Summary of this case from Clowney v. URS/AECOMOpinion
No. 83-5352.
Submitted Under Third Circuit Rule 12(6) November 16, 1983.
Decided January 13, 1984. As Amended January 24, 1984.
Craig Edelstein, P.A., West Caldwell, N.J., for appellants.
Zazzali, Zazzali Kroll, Newark, N.J., for Local 863, etc.; Kenneth I. Nowak, Newark, N.J., on the brief; Albert G. Kroll, Newark, N.J., of counsel.
Grotta, Glassman Hoffman, P.A., Roseland, N.J., for Food Haulers, Inc., and Wakefern Food Corp.; Stephen A. Ploscowe, Roseland, N.J., of counsel; Donald B. Shanin, Roseland, N.J., on the brief.
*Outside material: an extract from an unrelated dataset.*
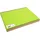 ProNappe Platzsets grün 30,0 x 40,0 cm, 100 St.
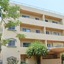Hôtel Mirabeau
Appeal from the United States District Court for the District of New Jersey.
OPINION OF THE COURT
This is an appeal from the dismissal of a suit brought by 35 laid off employees against Local 863 of the International Brotherhood of Teamsters, Food Haulers, Inc., and Wakefern Food Corporation. The laid off employees charged Local 863 with a breach of the duty of fair representation and the companies with a breach of the collective bargaining agreement. The district court found the suit to be time barred, having been filed beyond the three-month statute of limitations contained in the New Jersey Arbitration and Award statute, N.J. S.A. 2A:24-7. Since the time of the district court's ruling, however, the rule for determining which statute of limitations is applicable has been changed as a result of DelCostello v. Int'l Bhd. of Teamsters, ___ U.S. ___, 103 S.Ct. 2281, 76 L.Ed.2d 476 (1983). In light of DelCostello, we vacate the district court's dismissal of the suit and remand for further proceedings.
I
Between October 23 and October 30, 1981, Food Haulers, Inc., a subdivision of Wakefern Food Corporation, laid off 28 employees who were members of Local 863; nine of these employees were subsequently rehired as a result of arbitration unrelated to the case at bar. [This initial group of nineteen employees will hereinafter be referred to as the "October Plaintiffs."] On April 8, 1982, Food Haulers laid off 16 more employees, including the nine who had been reinstated as a result of the arbitration. [These sixteen employees will hereinafter be termed the "April plaintiffs."]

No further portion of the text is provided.